The album contained the hit title track, which became Diana Ross' second number 1 single on the US Billboard Hot 100 singles chart, and helped the album peak at number 5 on the US Billboard 200 albums chart.

In the UK the title track and "All of My Life" were both Top Ten singles. The album reached number 7 and was certified Gold by the BPI.

It includes the first tracks Diana would personally produce on one of her albums, "Imagine" and "Medley: Brown Baby/Save the Children". Several cuts here, including the closing Medley and "My Baby (My Baby, My Own)", were originally intended for the abandoned To The Baby album that Ross also worked on in this period. She would also begin working with her brother/songwriter, Arthur "T-Boy" Ross, during these sessions.

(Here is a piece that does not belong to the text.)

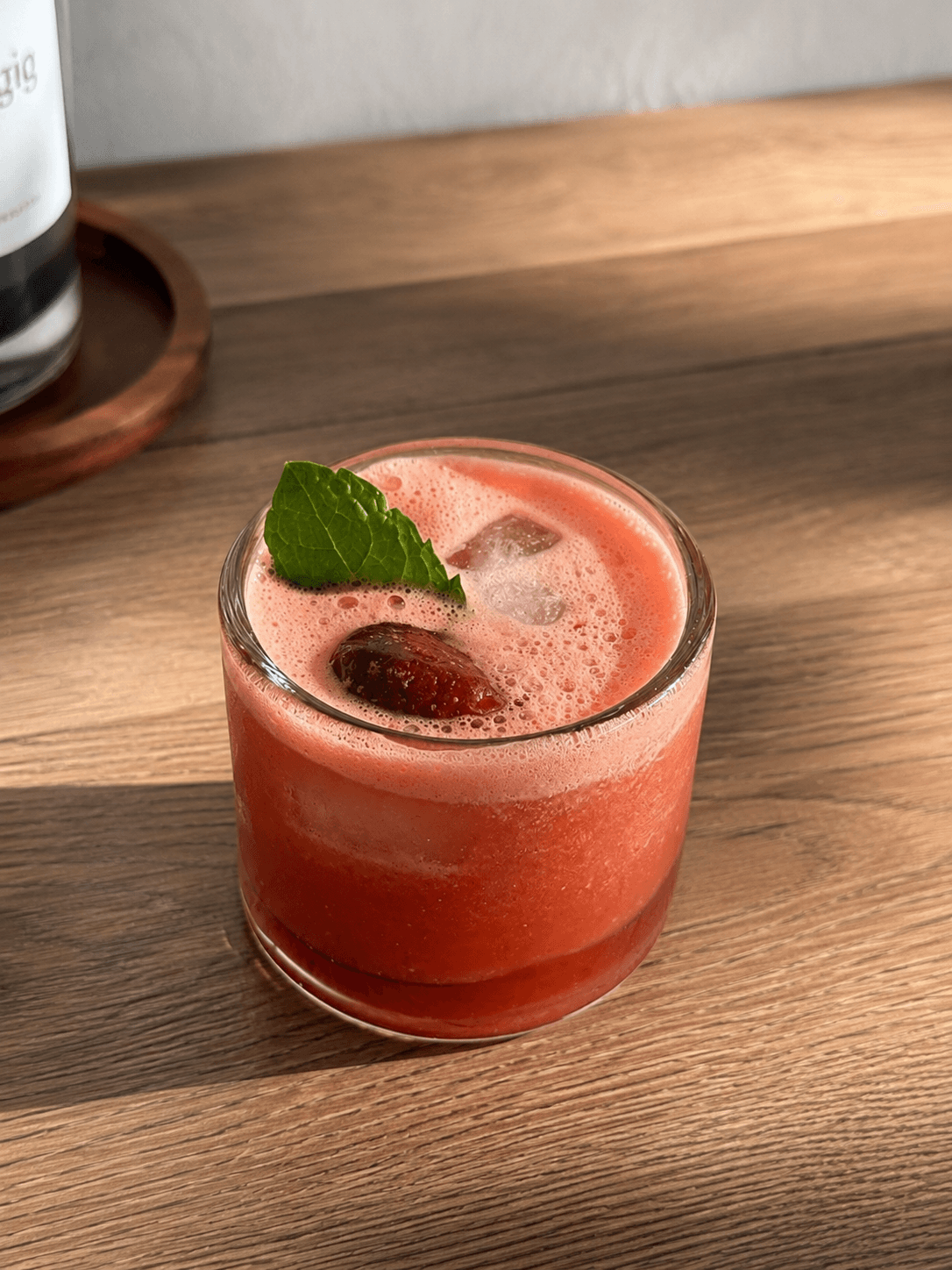 A short glass filled with a pink watermelon drink garnished with a fresh mint leaf and ice cubes, placed on a wooden surface with soft natural light.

Several of the songs on the album are covers of classics, including John Lennon's "Imagine", Marvin Gaye's "Save the Children" and the Richard Rodgers' standard "Little Girl Blue". The album also includes her recording of "I Won't Last a Day Without You", released a year prior to The Carpenters' hit version, as well as covers of lesser known songs originally recorded by The Fifth Dimension ("Leave A Little Room") and Oscar Brown Jr ("Brown Baby").

Professional ratings
Review scores
| Source | Rating |
| Allmusic | Star Half star |
| Christgau's Record Guide | C |

==Track listing==
1. "Touch Me in the Morning" (Michael Masser, Ron Miller) – 3:26
2. "All of My Life" (Michael Randall) – 3:31
3. "We Need You" (Deke Richards) – 3:44
4. "Leave a Little Room" (Michael Randall) – 3:37
5. "I Won't Last a Day Without You" (Roger Nichols, Paul Williams) – 3:49
6. "Little Girl Blue" (Lorenz Hart, Richard Rodgers) – 3:58
7. "My Baby (My Baby My Own)" (Tom Baird) – 2:45
8. "Imagine" (John Lennon) – 3:01
9. "Medley: Brown Baby/Save the Children" (Tom Baird/Renaldo Benson, Oscar Brown, Jr., Al Cleveland, Marvin Gaye) – 8:17

===2010 Expanded Edition===
Touch Me in the Morning: Expanded Edition, released in January 2010, includes a newly remastered version of the original album plus previously unreleased mixes and alternate versions as well as two songs recorded during the same timeline: "Kewpie Doll", written and co-produced by Smokey Robinson, and "When We Grow Up", from Marlo Thomas' 1972 album Free to Be...You and Me.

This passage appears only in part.